Sec. 3. The mother may recover from the father a reasonable share of the necessary support and care of the child, including necessary maintenance, medical care, education and the child's funeral expenses in the event of the death of the child.

Sec. 4. The mother may recover from the father the necessary expenses of the pregnancy and birth.

* * *

* * *

Sec. 9. An action to compel support may be brought by the mother, or, in case of her death, by her legal representatives. If the mother be insane, of unsound mind, under eighteen (18) years of age or under any other disability, the action may be brought by her guardian or next friend. If the mother dies during the pendency of the action, the child by its guardian or next friend may be substituted for the mother. The action shall be commenced by filing a verified petition."

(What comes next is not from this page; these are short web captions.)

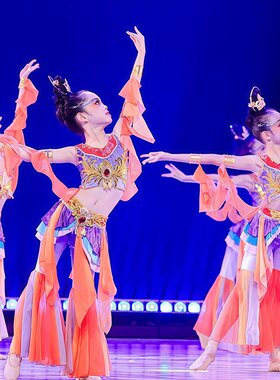 敦煌飞天儿童舞蹈演出服女童一梦敦煌少儿梦回龟兹丝路拈窟表演服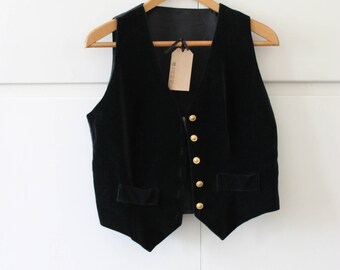 Vintage 1980s 1990s Black Velvet Waistcoat M 10 12 14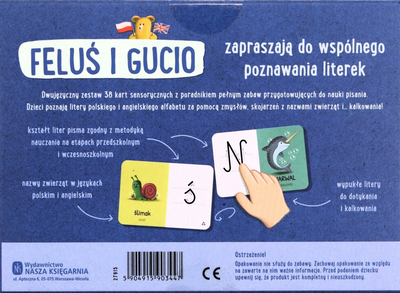 Loja edukative Nasza Księgarnia Feluś and Gucio Learn Letters, për mësimin e shkronjave, dyjezëshe, shumëngjyrëshe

Under the law effective at the time of the mother's initial suit, only the mother could file a petition pursuant to the statutorily defined procedure for establishing an alleged father's obligation to support his child. A______. B______. v. C______. D______. (1971), 150 Ind.App. 535, 277 N.E.2d 599; Fisher v. State of Indiana ex rel. Morrow (1947), 117 Ind.App. 552, 74 N.E.2d 743 (decided under 3-631, Burns' 1946 Replacement which was replaced, but not in effect changed, by IC 31-4-1-9); accord, Harter v. Johnson (1861), 16 Ind. 271.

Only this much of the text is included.